Committees of the House are merely representatives of the entire chamber, created to facilitate the drafting of bills, as it is obviously physically impossible to have all its 306 members meet to study and deliberate each bill. Committees don’t even have the authority to pass a bill: their drafts are presented to the entire House in plenary (“in full” attendance) for approval.
Resolution
In the second place, the House and the Senate — the legislative branch of a republican government — do not have the authority to enjoin the NTC, which is part of the executive branch. That is why, Senator Poe, even in her service to ABS-CBN, proposed only a joint resolution of the two chambers to ask NTC to grant the firm a provisional authority to operate when its franchise expires on May 4.

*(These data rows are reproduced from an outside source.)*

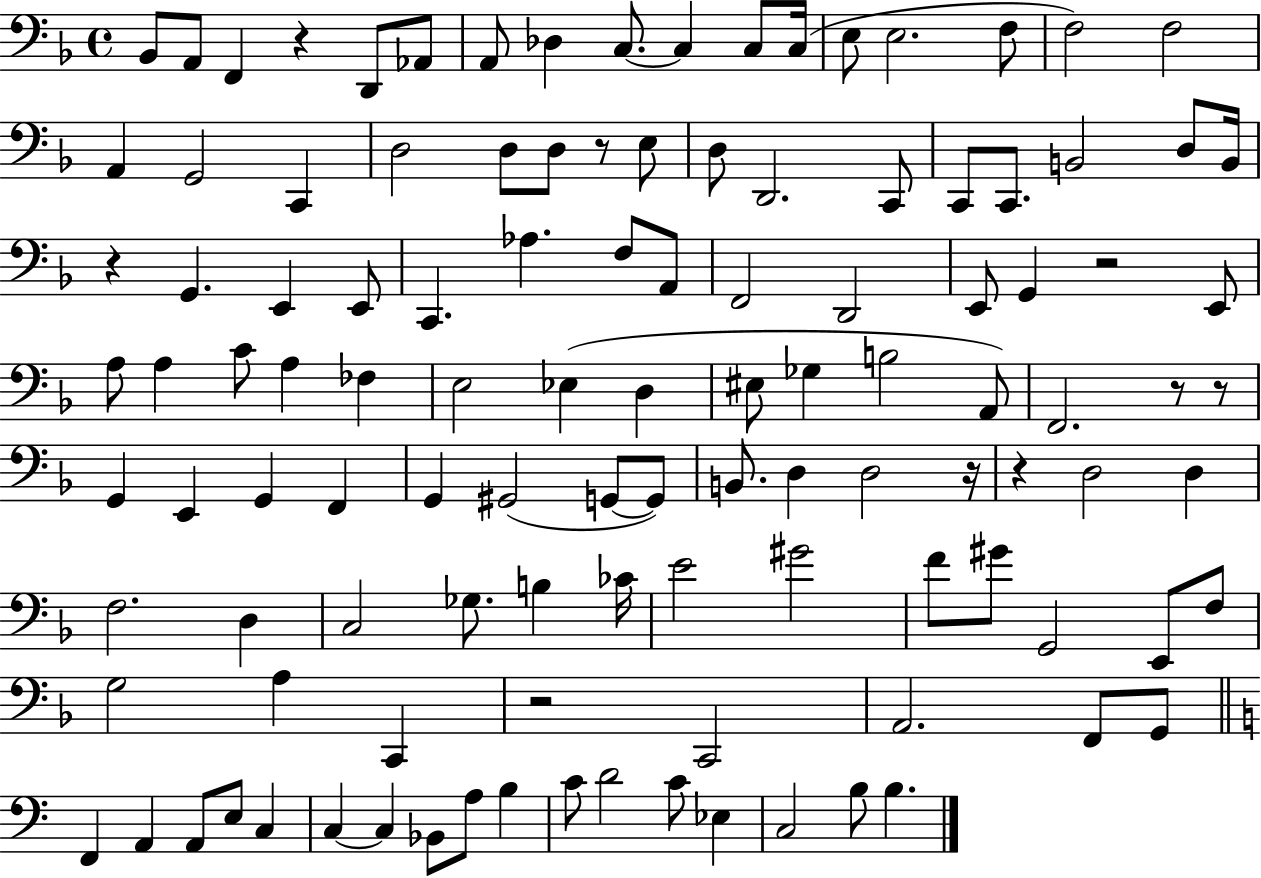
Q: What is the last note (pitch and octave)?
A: B3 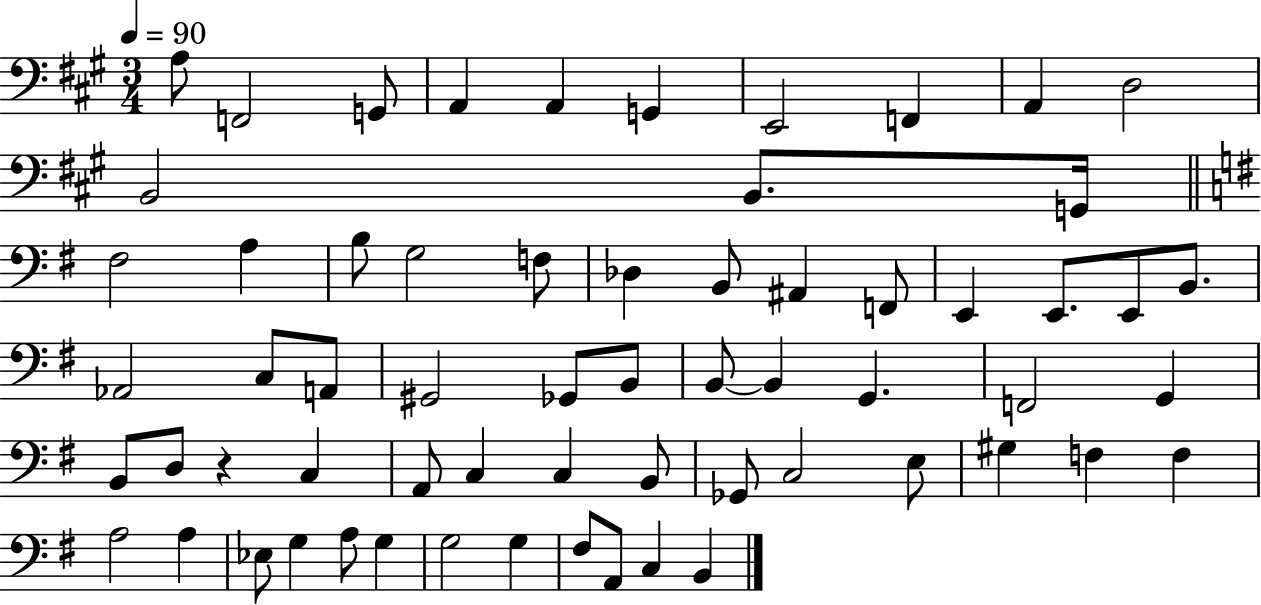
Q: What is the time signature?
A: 3/4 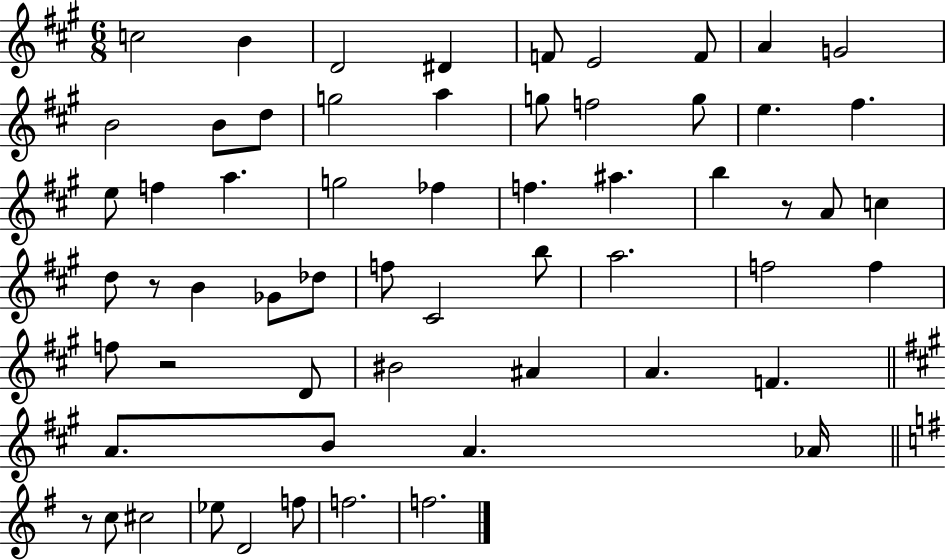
{
  \clef treble
  \numericTimeSignature
  \time 6/8
  \key a \major
  c''2 b'4 | d'2 dis'4 | f'8 e'2 f'8 | a'4 g'2 | \break b'2 b'8 d''8 | g''2 a''4 | g''8 f''2 g''8 | e''4. fis''4. | \break e''8 f''4 a''4. | g''2 fes''4 | f''4. ais''4. | b''4 r8 a'8 c''4 | \break d''8 r8 b'4 ges'8 des''8 | f''8 cis'2 b''8 | a''2. | f''2 f''4 | \break f''8 r2 d'8 | bis'2 ais'4 | a'4. f'4. | \bar "||" \break \key a \major a'8. b'8 a'4. aes'16 | \bar "||" \break \key g \major r8 c''8 cis''2 | ees''8 d'2 f''8 | f''2. | f''2. | \break \bar "|."
}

In the third place, the Supreme Court 17 years ago (in Associated Communications v[s] National Telecommunications Commission, GR 144109), had categorically and unanimously ruled that there are no such things under the Constitution as NTC-issued provisional authorities to operate. No franchise law passed by Congress and signed into law by the president, no authority to operate. Period.
The NTC Commissioner Gamaliel Cordoba is a lawyer and knows his law. Do you think he will anger the Supreme Court by defying its clear and categorical decision on franchises?
Poe’s sorry justification is that such provisional permits to operate had been given before. That doesn’t, of course, justify that the law of the land should be ignored in the ABS-CBN case now. Just because a United States citizen is allowed to run for the highest post of the land doesn’t mean that next time such an American will be allowed to do so.
And when will the House committee really start deliberating ABS-CBN’s franchise application? On May 16, really two weeks after its franchise expires. Isn’t that a classic case of mocking a request?
Position
The House in its letter said it “instructed all interested parties to submit their position papers for or against ABS-CBN’s application within a period of 60 days from Feb. 4, 2020. Assuming that this means “working days” it will be only on May16 that the committee can say it has the position papers to deliberate on the franchise application.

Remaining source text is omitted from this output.